Mental health research provider Clerkenwell Health is calling for volunteers to join its groundbreaking clinical trials that will research whether psychedelics can provide effective treatments for complex mental health conditions.

Clerkenwell is seeking a diverse group of volunteers from across the UK between 18 and 65 years old to take part in the trials if they suffer from a relevant condition. 

The trials, which will be conducted at Clerkenwell Health’s purpose-built facility near Harley Street in London, are being run in partnership with a number of world-leading drug developers to test whether psychedelic drugs – often combined with talking therapy – can offer a new approach to treating a variety of mental health illnesses.

See also  Clerkenwell Health is launching a free UK psychedelic therapist training programme

Clerkenwell Health is seeking volunteers for trials that look to find cures for a range of conditions, including PTSD, depression, alcohol use disorder and anorexia. 

Many of the conditions have few successful treatment options and Clerkenwell’s innovative methods of combining psychedelics with therapy aim to to treat these problems more holistically, providing long-term quality of life for patients.

Chief Scientific Officer at Clerkenwell Health, Dr Henry Fisher, said: “With the current system for treating mental health disorders simply not working, we’re calling for patients to help identify the next wave of treatments. 

“These have the potential to be groundbreaking for the millions of people across the UK who are affected by poor mental health.

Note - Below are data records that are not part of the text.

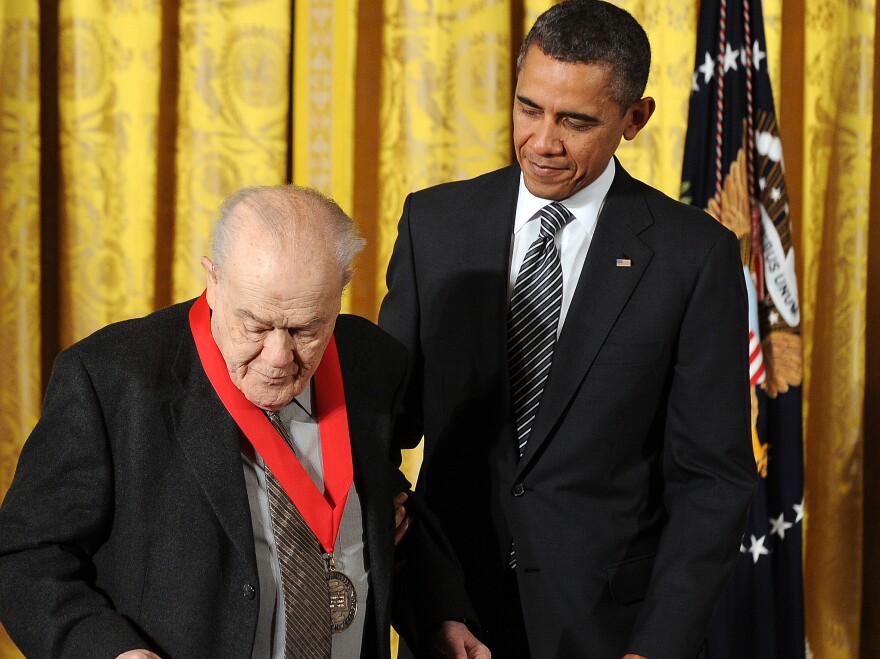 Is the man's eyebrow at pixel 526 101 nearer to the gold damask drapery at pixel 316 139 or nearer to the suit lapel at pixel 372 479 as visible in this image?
the suit lapel at pixel 372 479

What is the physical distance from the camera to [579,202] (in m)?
1.99

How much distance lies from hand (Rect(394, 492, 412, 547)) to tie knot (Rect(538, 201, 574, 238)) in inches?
22.3

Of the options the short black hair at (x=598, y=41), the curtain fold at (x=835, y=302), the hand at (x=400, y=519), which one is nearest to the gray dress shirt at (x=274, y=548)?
the hand at (x=400, y=519)

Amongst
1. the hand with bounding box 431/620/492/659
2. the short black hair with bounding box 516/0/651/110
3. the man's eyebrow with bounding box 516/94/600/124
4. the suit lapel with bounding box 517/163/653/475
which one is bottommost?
the hand with bounding box 431/620/492/659

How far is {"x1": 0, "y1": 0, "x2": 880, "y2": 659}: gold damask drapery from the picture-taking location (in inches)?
121

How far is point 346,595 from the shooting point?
1.49 m

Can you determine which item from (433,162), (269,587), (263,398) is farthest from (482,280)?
(433,162)

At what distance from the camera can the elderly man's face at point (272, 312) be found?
1.37 meters

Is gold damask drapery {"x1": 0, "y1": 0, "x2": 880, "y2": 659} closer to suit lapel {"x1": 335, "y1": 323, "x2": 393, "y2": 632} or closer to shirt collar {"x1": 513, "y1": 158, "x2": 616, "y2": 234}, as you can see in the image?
shirt collar {"x1": 513, "y1": 158, "x2": 616, "y2": 234}

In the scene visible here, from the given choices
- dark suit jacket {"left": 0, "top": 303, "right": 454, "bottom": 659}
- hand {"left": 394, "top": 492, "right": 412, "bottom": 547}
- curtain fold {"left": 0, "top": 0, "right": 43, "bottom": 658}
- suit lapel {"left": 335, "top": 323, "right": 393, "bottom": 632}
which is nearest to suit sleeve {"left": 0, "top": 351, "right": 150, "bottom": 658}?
dark suit jacket {"left": 0, "top": 303, "right": 454, "bottom": 659}

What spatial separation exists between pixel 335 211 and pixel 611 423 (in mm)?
718

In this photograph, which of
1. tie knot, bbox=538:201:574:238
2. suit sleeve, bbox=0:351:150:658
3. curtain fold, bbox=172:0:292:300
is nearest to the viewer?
suit sleeve, bbox=0:351:150:658

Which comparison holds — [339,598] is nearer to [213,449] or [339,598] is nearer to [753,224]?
[213,449]

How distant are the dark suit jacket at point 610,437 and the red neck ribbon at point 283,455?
0.50 meters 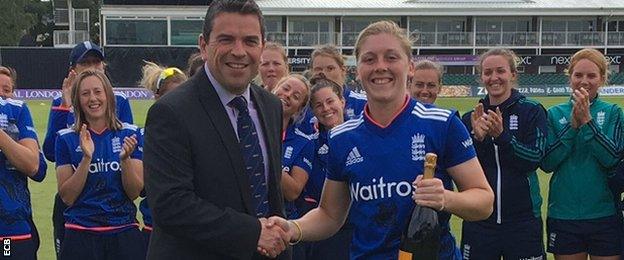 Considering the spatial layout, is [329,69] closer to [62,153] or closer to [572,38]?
[62,153]

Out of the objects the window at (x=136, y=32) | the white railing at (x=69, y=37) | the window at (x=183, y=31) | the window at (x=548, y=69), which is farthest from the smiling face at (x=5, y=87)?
the white railing at (x=69, y=37)

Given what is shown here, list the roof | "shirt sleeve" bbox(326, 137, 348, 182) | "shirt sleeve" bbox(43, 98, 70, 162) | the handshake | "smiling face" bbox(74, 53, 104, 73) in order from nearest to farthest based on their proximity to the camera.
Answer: the handshake → "shirt sleeve" bbox(326, 137, 348, 182) → "shirt sleeve" bbox(43, 98, 70, 162) → "smiling face" bbox(74, 53, 104, 73) → the roof

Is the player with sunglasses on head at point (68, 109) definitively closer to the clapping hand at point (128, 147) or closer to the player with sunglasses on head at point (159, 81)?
the player with sunglasses on head at point (159, 81)

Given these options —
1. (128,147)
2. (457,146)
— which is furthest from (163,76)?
(457,146)

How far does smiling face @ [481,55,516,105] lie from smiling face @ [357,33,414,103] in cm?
214

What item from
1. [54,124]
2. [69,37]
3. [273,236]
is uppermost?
[69,37]

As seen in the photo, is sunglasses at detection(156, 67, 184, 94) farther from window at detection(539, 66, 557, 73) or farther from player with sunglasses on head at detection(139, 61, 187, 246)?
window at detection(539, 66, 557, 73)

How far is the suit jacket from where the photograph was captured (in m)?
2.91

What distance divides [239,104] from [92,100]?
2.08 m

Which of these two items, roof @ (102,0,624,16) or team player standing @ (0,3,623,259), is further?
roof @ (102,0,624,16)

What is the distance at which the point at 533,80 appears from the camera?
4031 cm

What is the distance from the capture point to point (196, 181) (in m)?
2.97

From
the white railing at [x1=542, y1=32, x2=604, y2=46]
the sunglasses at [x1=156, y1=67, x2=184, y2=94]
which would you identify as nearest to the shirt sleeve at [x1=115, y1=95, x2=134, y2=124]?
the sunglasses at [x1=156, y1=67, x2=184, y2=94]

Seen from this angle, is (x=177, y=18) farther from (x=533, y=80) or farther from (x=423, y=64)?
(x=423, y=64) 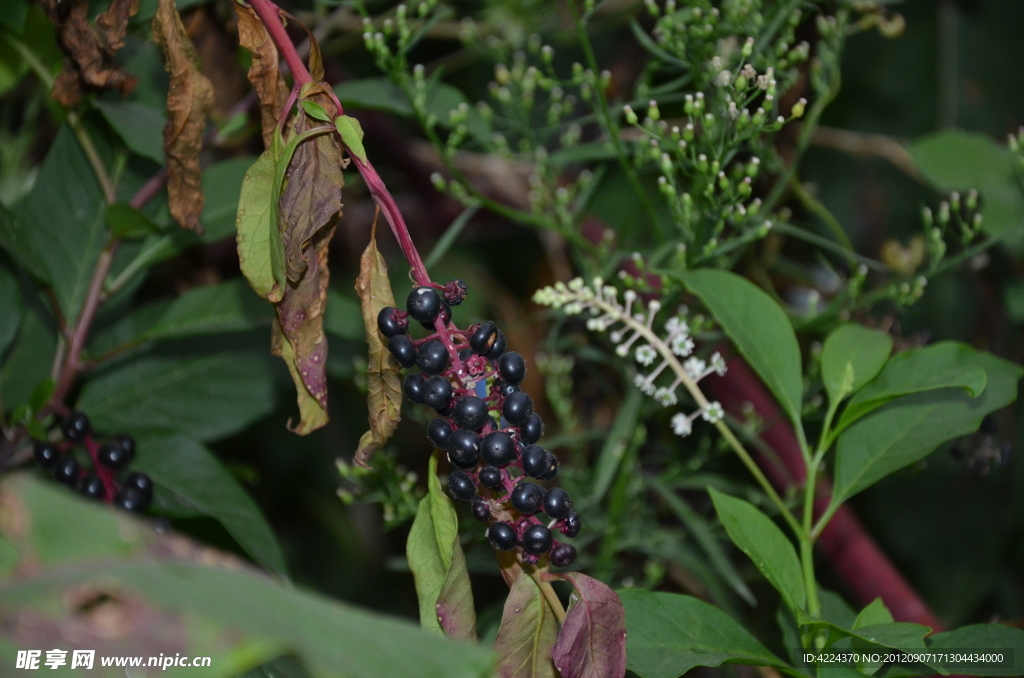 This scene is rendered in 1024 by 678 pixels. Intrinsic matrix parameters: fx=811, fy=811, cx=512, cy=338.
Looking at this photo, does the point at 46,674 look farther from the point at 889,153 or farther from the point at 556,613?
the point at 889,153

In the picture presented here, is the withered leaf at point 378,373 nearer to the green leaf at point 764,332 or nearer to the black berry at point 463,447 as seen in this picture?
the black berry at point 463,447

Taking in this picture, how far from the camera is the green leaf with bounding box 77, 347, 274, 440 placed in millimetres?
781

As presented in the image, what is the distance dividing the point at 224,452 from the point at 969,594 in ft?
3.67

“The status quo for mental health treatment has not only resulted in patients experiencing debilitating side-effects, huge waiting lists and high relapse rates, but is costly, complicated and broadly ineffective. 

“By participating in upcoming clinical trials, patients have an opportunity to make a valuable contribution to growing research which will support the development of the next generation treatments for mental health conditions.”

According to MIND, approximately 1 in 4 people in the UK will be affected by a mental health condition each year and with a significant rise in people contacting mental health services in recent years, there has never been a more desperate need to identify new and innovative treatments.

Given the challenges facing the country’s health service and with mental health challenges on the rise, the search for volunteers to test effective treatments has never been more pressing. 

Clerkenwell has stated, in this regard, that it has gone national with its search for volunteers in an effort to deliver medical breakthroughs in mental health akin to the Polio clinical trials in the 20th Century.